--- RECORDS SUPPLIED Enclosed Below ---

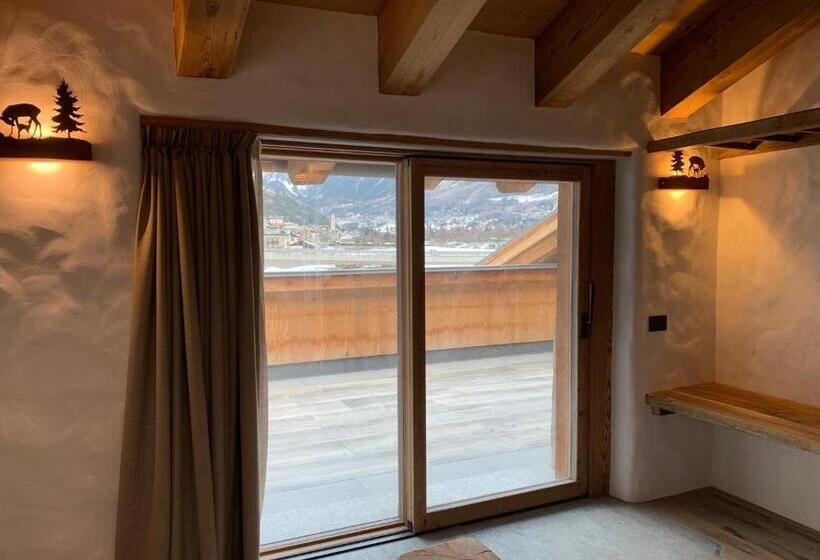 غرفة قياسية رباعية مزودة بشُرفة, Al Bait Da Lucia Bormio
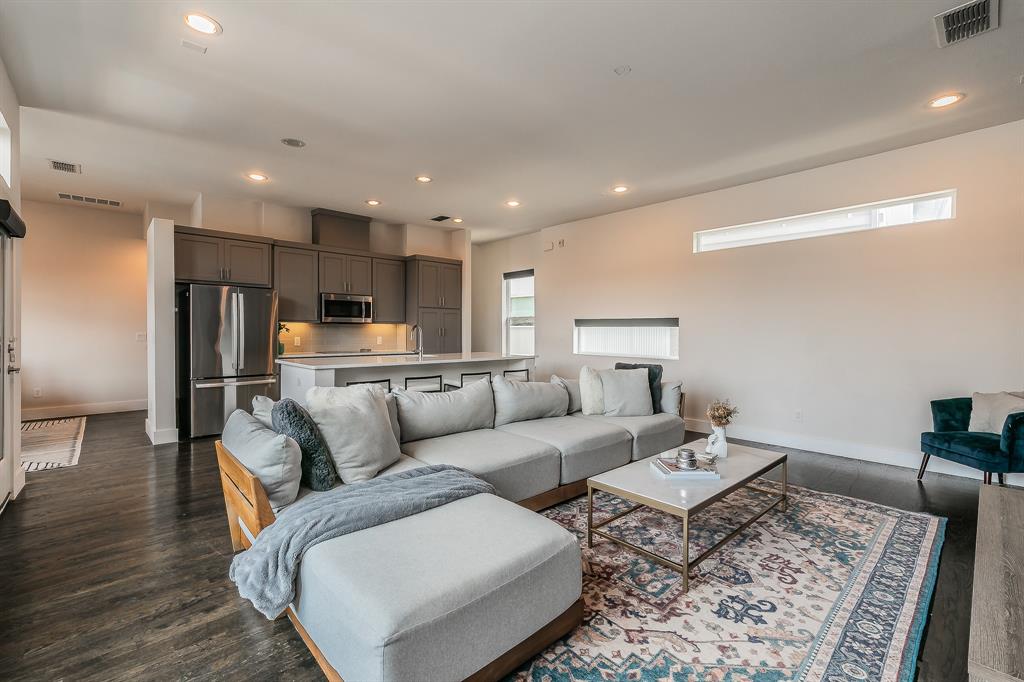 Capitol Ave Twnhms Add - Residential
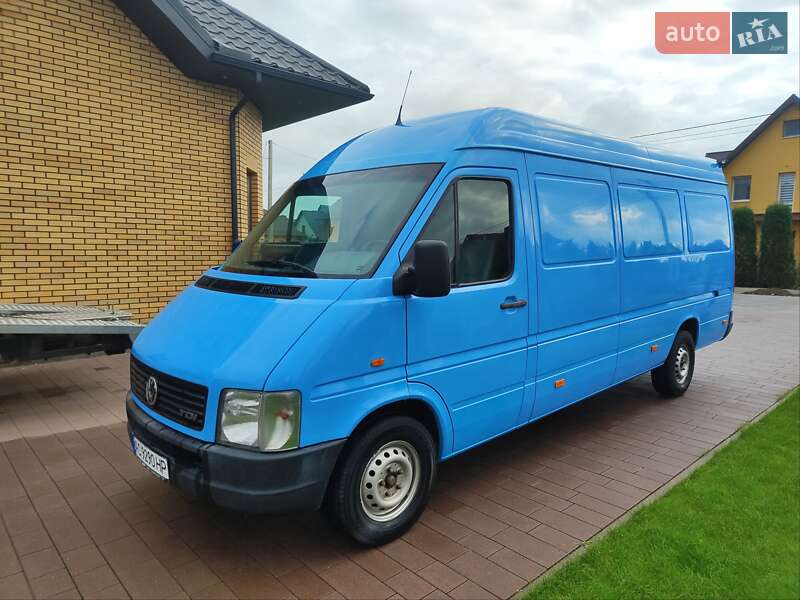 Вантажний фургон Volkswagen LT 2006 в Луцьку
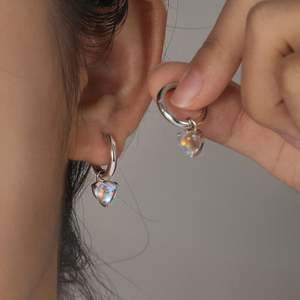 Pendientes de Aro con Cristal de Piedra Lunar en Forma de Corazón Simple Jeulia - Product Image 6
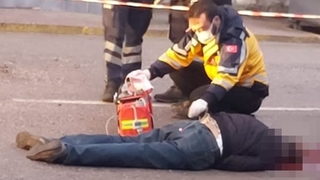 Kavga ettiği kişiyi öldürdü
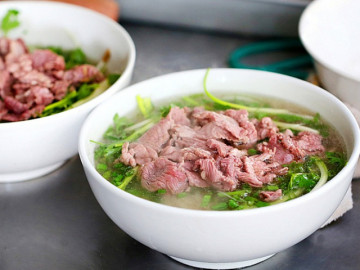 Người đàn ông ở Hà Nội bị sốc phản vệ sau khi ăn phở sáng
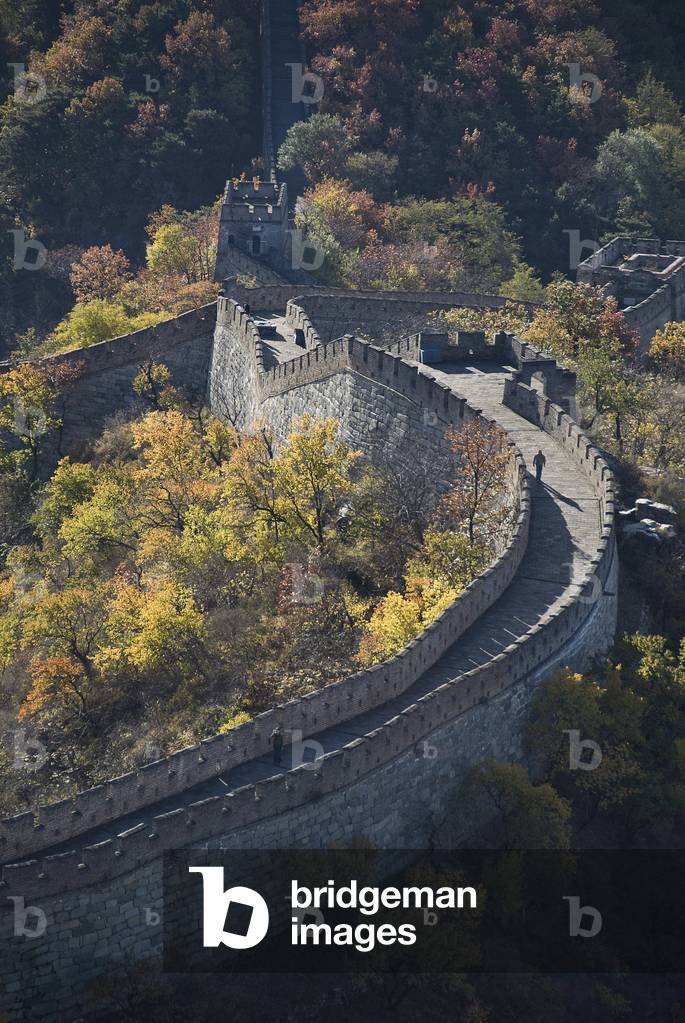 The Great Wall of China is close to Pekin. Construction of the Great Wall began in the 9th and 8th century BC, and continued for more than 2,000 years. If all its constructions and trunks spread across the vast region of North and Central China were combined, the Great Wall would extend over 50,000 km (100,000 li). Indeed, historical records show that since the Fighting Kingdoms, more than 20 feodal states and imperial dynasties have begun building defense walls. Photography 25/10/07
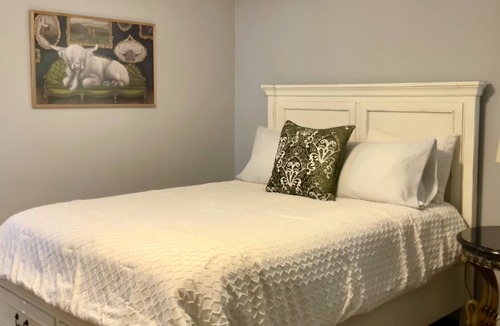 Taylors House | Family-Friendly 4 bedroom home with game room.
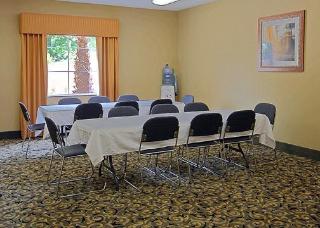 Hotel Comfort Suites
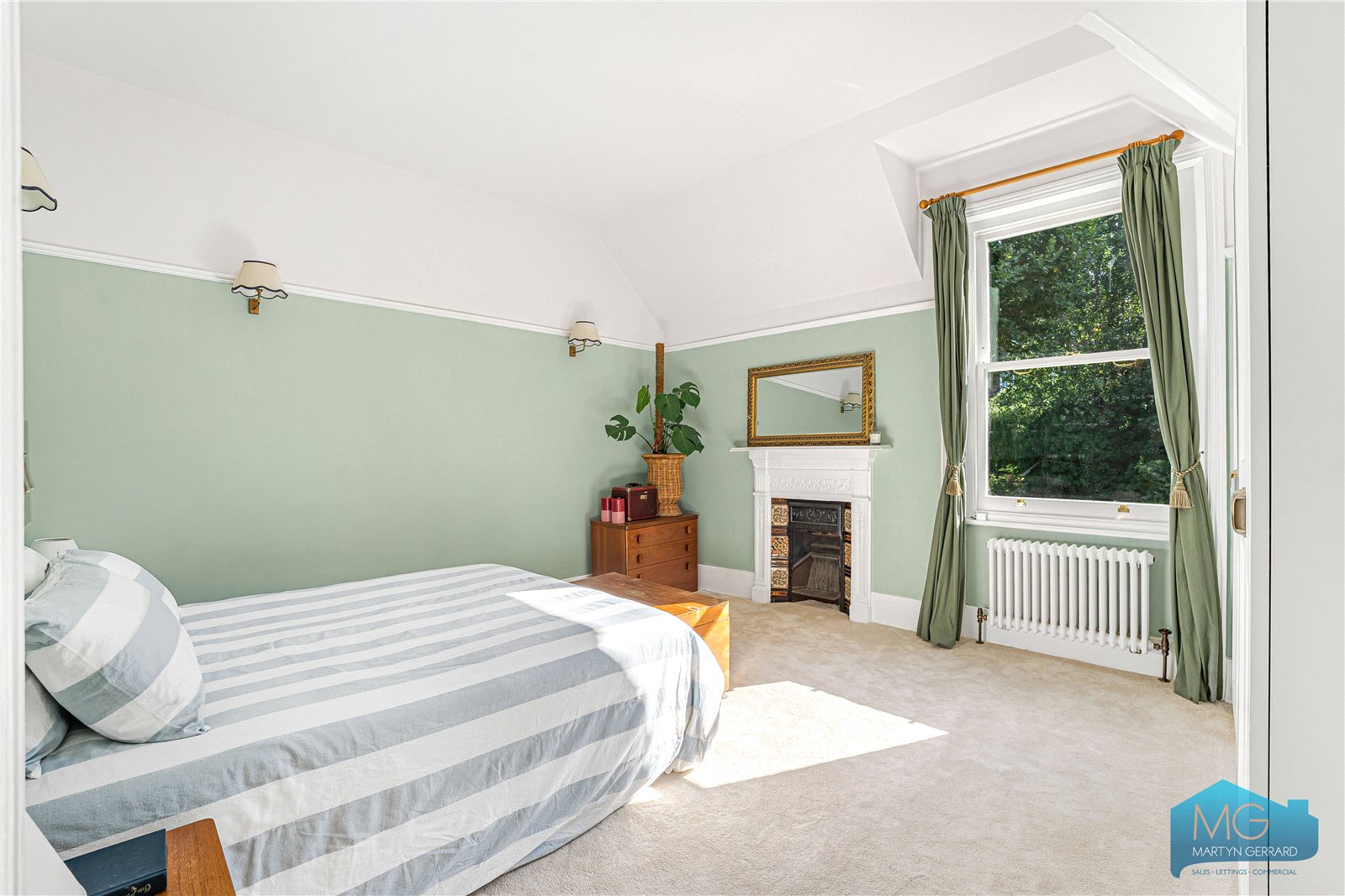 2 bedroom Apartment for sale - Martyn Gerrard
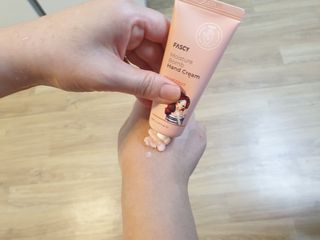파시 FASCY 高保湿ハンドクリーム40ml+80ml セット — 5점을 준 리뷰어가 2021년 7월 올린 사용 사진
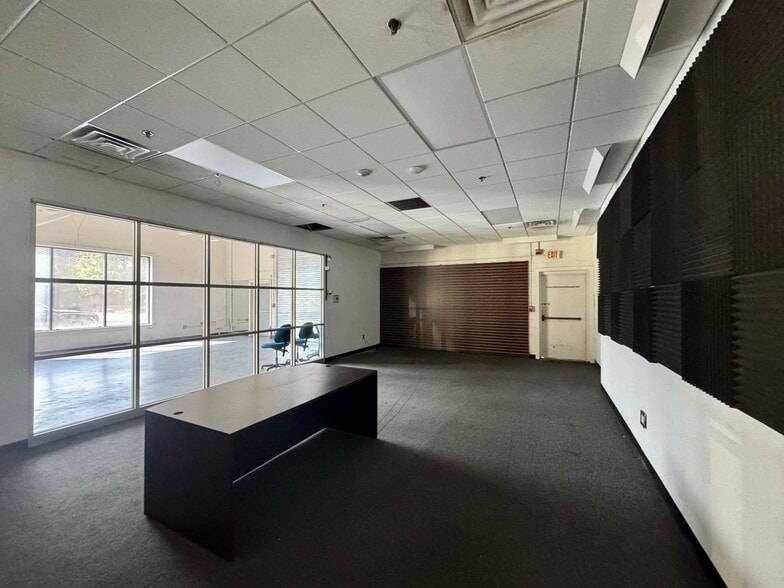 More Photos Of 200 Wilson St, Port Jefferson Station Flex For Lease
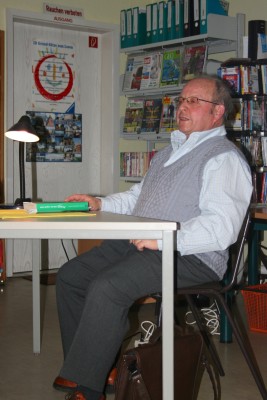 Foto des Albums: "Marga, Unkraut vergeht nicht" - Lesung mit Klaus Hoferichter (04.03.2009)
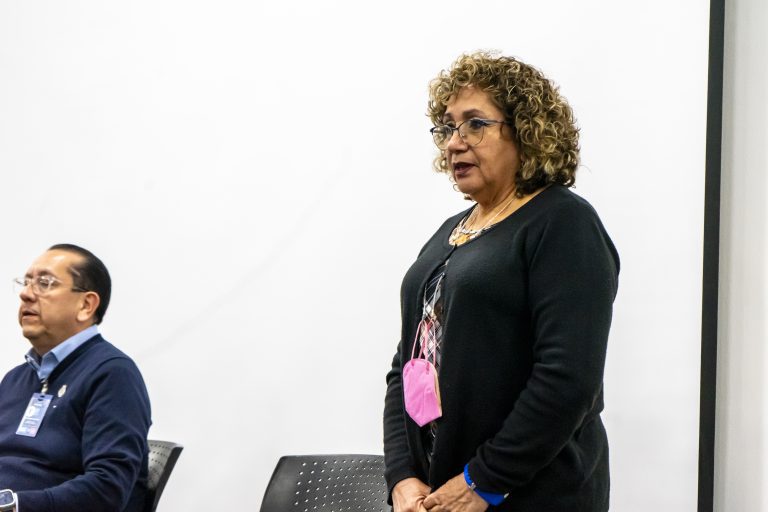 Presentan a nueva directora del hospital general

--- End of Enclosed RECORDS SUPPLIED ---

◆ **TASK TO COMPLETE**: Copy nothing but the lines from the line holding "파시 FASCY 高保湿ハンドクリーム40ml+80ml" through the last line of the entries, exactly, while leaving out the pictures.

◆ **TASK OUTPUT**:
파시 FASCY 高保湿ハンドクリーム40ml+80ml セット — 5점을 준 리뷰어가 2021년 7월 올린 사용 사진
 More Photos Of 200 Wilson St, Port Jefferson Station Flex For Lease
 Foto des Albums: "Marga, Unkraut vergeht nicht" - Lesung mit Klaus Hoferichter (04.03.2009)
 Presentan a nueva directora del hospital general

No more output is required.